In this study, a novel method was introduced to produce ultrathin carbon layers of cellulose nanofibrils on an ITO substrate. A layer-by-layer deposition technique based on electrostatically driven layering of the cellulose nanofibrils and PDDAC, poly-(diallyldimethylammonium chloride), was employed to build up multilayer films on ITO substrates. Then, the cellulose layers were carbonised by vacuum pyrolysis at 500°C. The film morphology was characterized by AFM studies and the hydroquinone/benzoquinone redox system was employed as a model to investigate the electrochemical properties of these films. The results show that the carbonisation of cellulose nanofibrils changes dramatically the morphology as well as the electrochemical properties of the cellulose films. The number of layers and composition of the film also affect the electrochemical behaviour of the films.

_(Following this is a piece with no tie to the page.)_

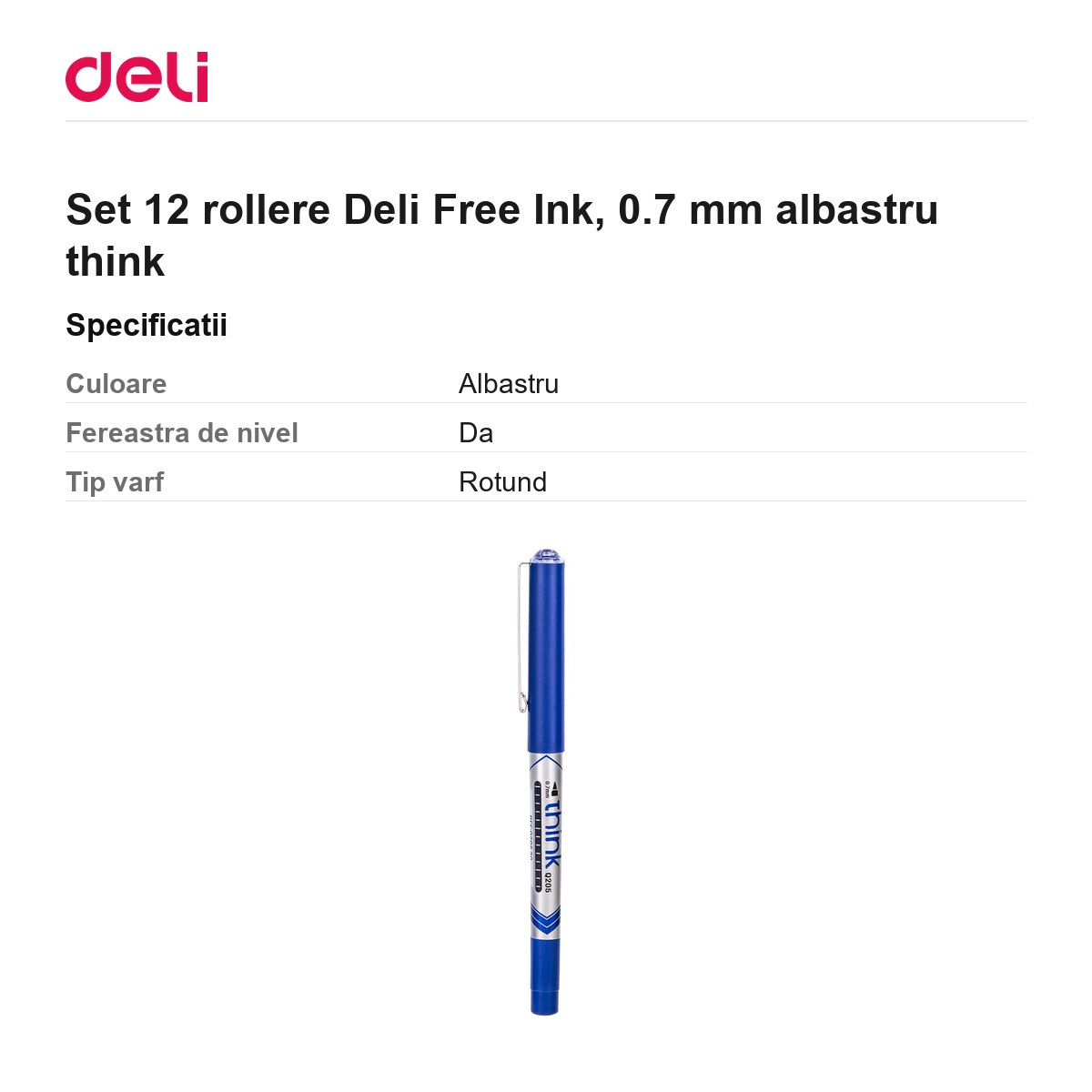 Set 12 rollere Deli Free Ink, 0.7 mm albastru think [3]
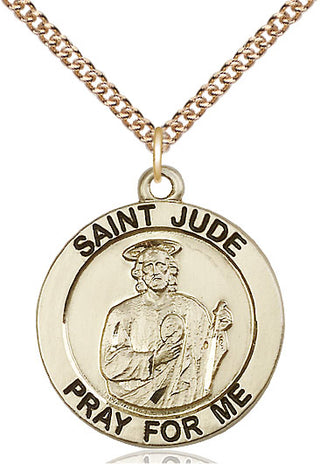 14kt Gold Saint Jude Medal Engraved Catholic Saint Jewelry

[1] G. G. Wildgoose, C. E. Banks, H. C. Leventis, R. G. Compton, Microchim. Acta. 152 (2006) 187.

[2] M. Sharon, M. Kumar, P.D. Kichambare, M. Neumann-Spallart, J. Appl. Electrochem. 28 (1998) 1399.

[3] S. Kuga, D.-Y. Kim, Y. Nishiyama, R. M. Brown Jr. Mol. Cryst. Liq. Cryst. 387 (2002) 13.

[4] M. J. Bonné, E.V. Milsom, M. Helton, W. Thielemans, S. Wilkins, F. Marken, Electrochem. Commun. 9 (2007) 1985.

[5] M. J. Bonné, K. J. Edler, J. G. Buchanan, D. Wolverson, E. Psillakis, M. Helton, W. Thielemans, F. Marken, J. Phys. Chem. C 112 (2008) 2660.

[6] N. L. Garcia de Rodriguez, W. Thielemans, A. Dufresne, Cellulose 13 (2006) 261.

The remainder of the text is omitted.